The concept and design was devised by our animation director, Jeff Hale. It was his idea that I create basic tracks then record as ‘wild-lines’ the Pointers shouting the various 2-11 numbers in different intensities and different compliments of voices. Then, each time the pin ball hit a selected number he would drop in these (off-key—couldn’t be helped) wild lines. While I have retained first or second generation masters (quarter inch tape now converted to DAT and CD) of 99% my audio productions over the years it is for above reason there was never a ‘master’ track. This news came as a dissapointment to the folks back at Sesame Street who were planning the current CD release. Unfortunately, I have retained nothing from this session. Matter of fact, I haven’t heard the piece in years.

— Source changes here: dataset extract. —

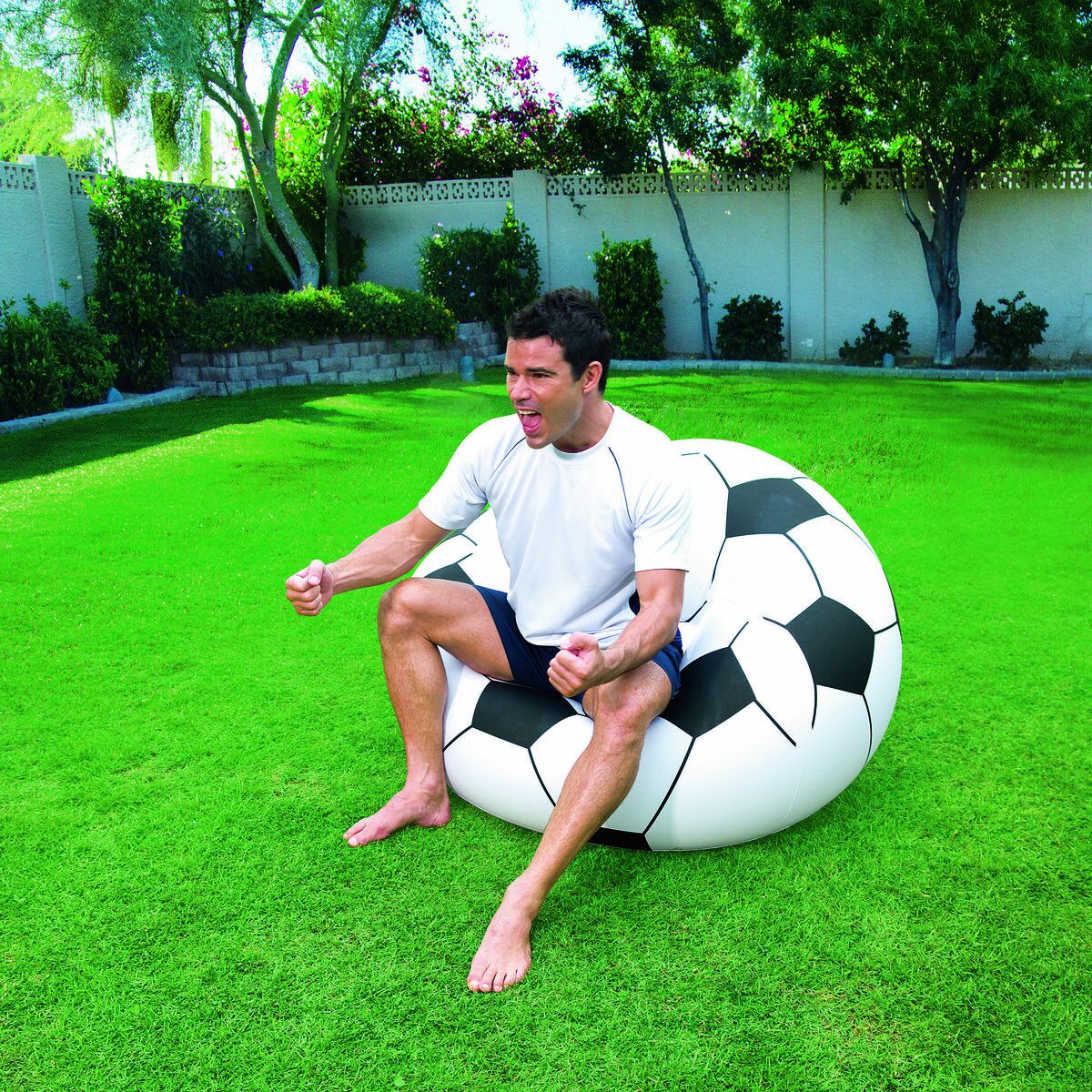 Bestway Sillão Gigante Futebol 114x112x66 cm +6 Anos Interior e Jardim 75010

On the techinal side, we recorded at Richard Beggs’ (Francis Ford Coppola’s) studio in the Columbus Towers Building, 24 track, analog—of course. Mag transfers were made at Imagination, Inc. which is long out of business. And, again unfortunately, there is nothing left of either the animation cells nor audio elements for any of that beautiful work.
Personally, I am honored to be thought of in the same company as Herbie Hancock and Frank Zappa. My approach was to write the piece in 12-4 or 12-8 time but that didn’t quite work out. And it wasn’t until we had completed the project that I realized I may have stolen the first five notes of the Woody Woodpecker Song. Something I’m sure neither Hancock nor Zappa would be guilty of.
+ 2003-09-13 00:20:53 BST
I saw this as i was forwarded the letter from Walt by Sesame Workshop. Pity it didn’t reach us in time for the Ninja release as it would have made great sleeve notes. Might just make it on another Sesame release we’re planning in the future though ;)
As the record will finally see the light of day on Monday i’d like to let Tim know that it is basically exactly the same as the original ‘Pinball Number Count’ that Walt recorded.
When i obtained tapes (no.s 2 through 12, there is no number 1 apparently) from Sesame Street i realised that the track came in 3 different versions. Each had the same beginning and end chorus but there was a choice of 3 different ‘bridges’ scattered amongst the songs and each has it’s own particular number shouted throughout.
All i did was a minimal re-edit of the original adding all 3 bridges to the existing chorus but chopping in different numbers randomly in the places they originally sat in each particular version.
The version on the 3 CD Sesame boxset is an early mix that includes a couple of Count von Count samples at either end. This was originally done for a mix CD i released but didn’t make the cut. Sesame liked it so much they put it on their box set and kept the spokenword either end.
The version coming out on vinyl is the exact same arrangement, without the Count, but remastered and mixed to a much higher standard. As the original tracks were less than a minute long the re edit brings parts of all the versions together to make up just over 2 and a half minutes worth of Pinball nostalgia.